Leave it to you to help us out 
	

	
	
		
		

		
			





Thank you


----------



## ioukta (Oct 18, 2010)

yoroshiku onegaishimasu *wink*

I just hope people will see it and come this way lol


----------



## hakusa (Oct 18, 2010)

Yo, ioukta~! o/
I was thinking of doing this too, but I thought maybe we could use the chat in gokusaishiki. Aside from the Gamer Chat, there's another page where we can talk too. Phoenix have also recently created a few more sub pages, but maybe people don't really know about them. >_<

Btw Phoenix, can I call you "P" too? 
You guys can call me Haku. XD


----------



## Phoenix Goddess (Oct 18, 2010)

hakusa said:
			
		

> Yo, ioukta~! o/
> I was thinking of doing this too, but I thought maybe we could use the chat in gokusaishiki. Aside from the Gamer Chat, there's another page where we can talk too. Phoenix have also recently created a few more sub pages, but maybe people don't really know about them. >_<
> 
> Btw Phoenix, can I call you "P" too?
> ...



Sure, I don't mind 
	

	
	
		
		

		
		
	


	



Haku sounds cool~


----------



## ioukta (Oct 18, 2010)

haha to tell u the truth i didn't even ask if i could call her P lool

yeah i saw it but personally i like that design better, the quoting etc.. and being told by an email there's something new lol

Im starting to dream in tokimeki style man!! 

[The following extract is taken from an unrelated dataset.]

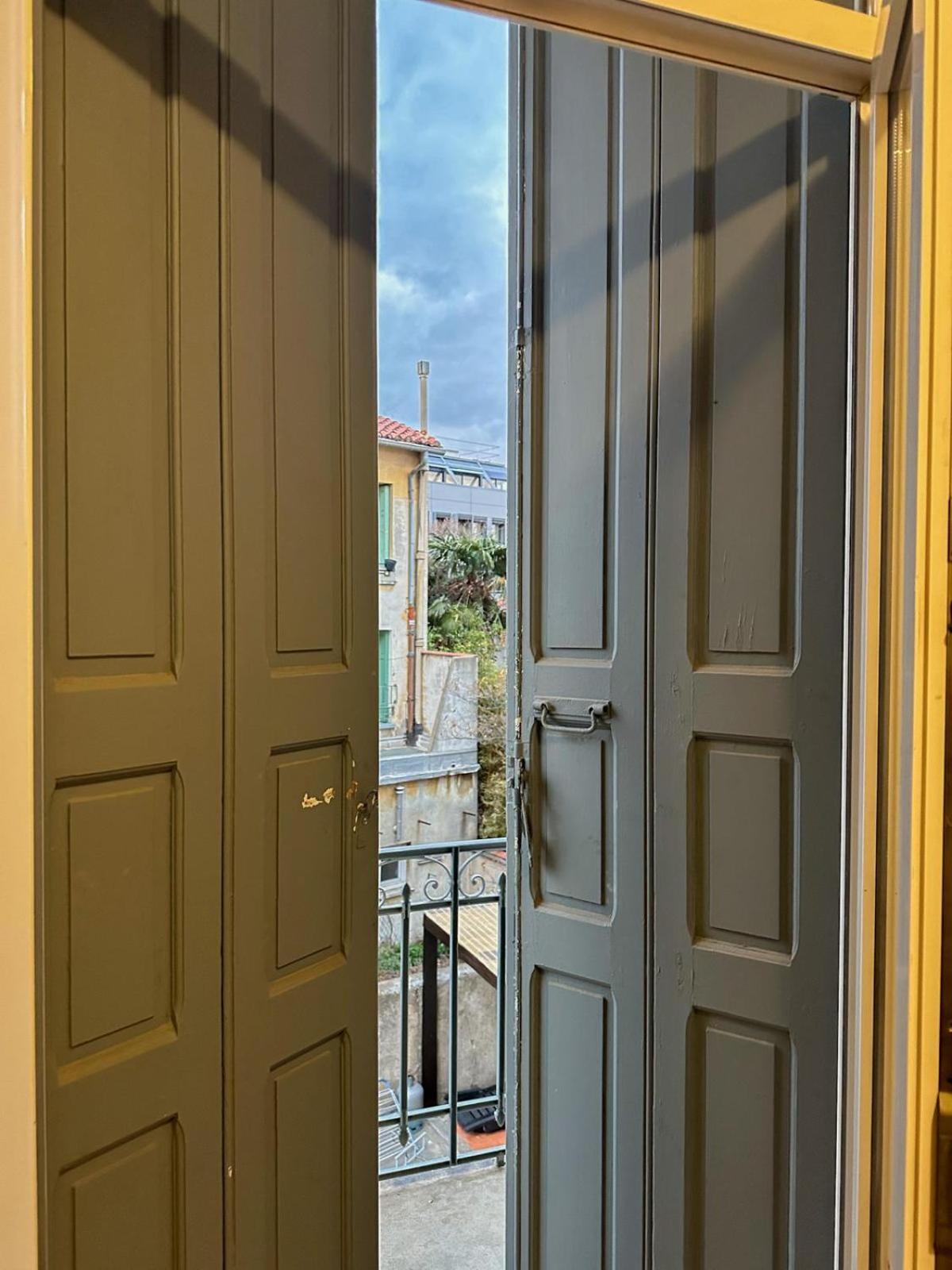 Votre Havre De Paix A Perpignan Exterior foto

i hear the music in my dreams, even convos with my bf in my head i think, "ok i could either say that or that, one will piss him off one will make me bite my hand, ok ill bite my hand" 

it's crazy !! lol


----------



## Asch (Oct 18, 2010)

This is relevant to my interests...


----------



## hakusa (Oct 18, 2010)

phoenixgoddess27 said:
			
		

> Sure, I don't mind
> 
> 
> 
> ...


Hahaha~ XD Well, I thought I should ask first, in case she's uncomfortable with me calling her that. >_<

Ahh, but you know, you can get notifications from wordpress of the new comments, too. ^^

Lol, I had that experience before! Especially after playing visual novels for a long time. I was thinking, "Oh... If I choose to do this, it'll lead me to-" and so on, lol.


----------



## ioukta (Oct 18, 2010)

yeah it's so disturbing !! lol

it happened while i was playing with my cat too lol if i'm rough it'll run away, if i'm nice i'll get points lol

i had to think real hard and grab that big furry baby to see it was all fine lol


----------



## Phoenix Goddess (Oct 18, 2010)

Changed the project list, hope no one's disappointed.
There's one less on the list. Some were also taken off and changed.


----------



## ioukta (Oct 18, 2010)

there's so many it's hard to say what's gone lool

apart from love plus maybe cause u had a comment next to it lol

as long as there's my horror mystery game in there hihi

(im so selfish lol)


----------



## hakusa (Oct 18, 2010)

ioukta said:
			
		

> yeah it's so disturbing !! lol
> 
> it happened while i was playing with my cat too lol if i'm rough it'll run away, if i'm nice i'll get points lol
> 
> ...


Ahh, yeah, I don't quite know which ones you took off except Love Plus + (which is because I don't know many otome games to begin with), but the list does look shorter and I see Vitamin X Evolution. I am planning to maybe try translating Kimi ni Todoke when I start off my group, but lol, who knows how long I'll be done with the preparation... (Learning Japanese, Romhacking and all).


----------



## Suji (Oct 18, 2010)

LMAO, Bleach is on the topic list and yet it's not being touched on. 
	

	
	
		
		

		
		
	


	




I approve of this thread.

Haku~ I'm always gonna think of Naruto with your nickname. >:]


----------



## FlashX007 (Oct 18, 2010)

What is the latest episode? I am just watching the new episodes on cartoon network because I don't feel like watching japanese versions and looking at the subtitles. This also requires me to stay on the computer and I am not good lately so I would rather rest on the couch.


----------



## prowler (Oct 18, 2010)

_psst_
_@PG Tips; http://www.gamefaqs.com/ds/942706-ds-denge...nko-adv-baccano_


----------



## ioukta (Oct 18, 2010)

latest episode of bleach?

well it's the continuation of the battle between the shinigami captains and 2nd captains against aizen his shinigami friends and the arrancars

so now the arrancars are defeated thanks to the help of the vaizards, the captains are all in pretty bad shape. now it was between Shinji the boss vaizard against Aizen cause they have history together, and just then Ichigo appears litterally from the sky to start fighting lol

man i love bleach lol


----------



## hakusa (Oct 18, 2010)

Suji said:
			
		

> LMAO, Bleach is on the topic list and yet it's not being touched on.
> 
> 
> 
> ...


??? And oh shoot, Baccano has a DS game? ! I never knew... Should probably try it out.


----------



## lilin08 (Oct 19, 2010)

Hi guys, 

I have a question regarding getting a CG in TMGS 1.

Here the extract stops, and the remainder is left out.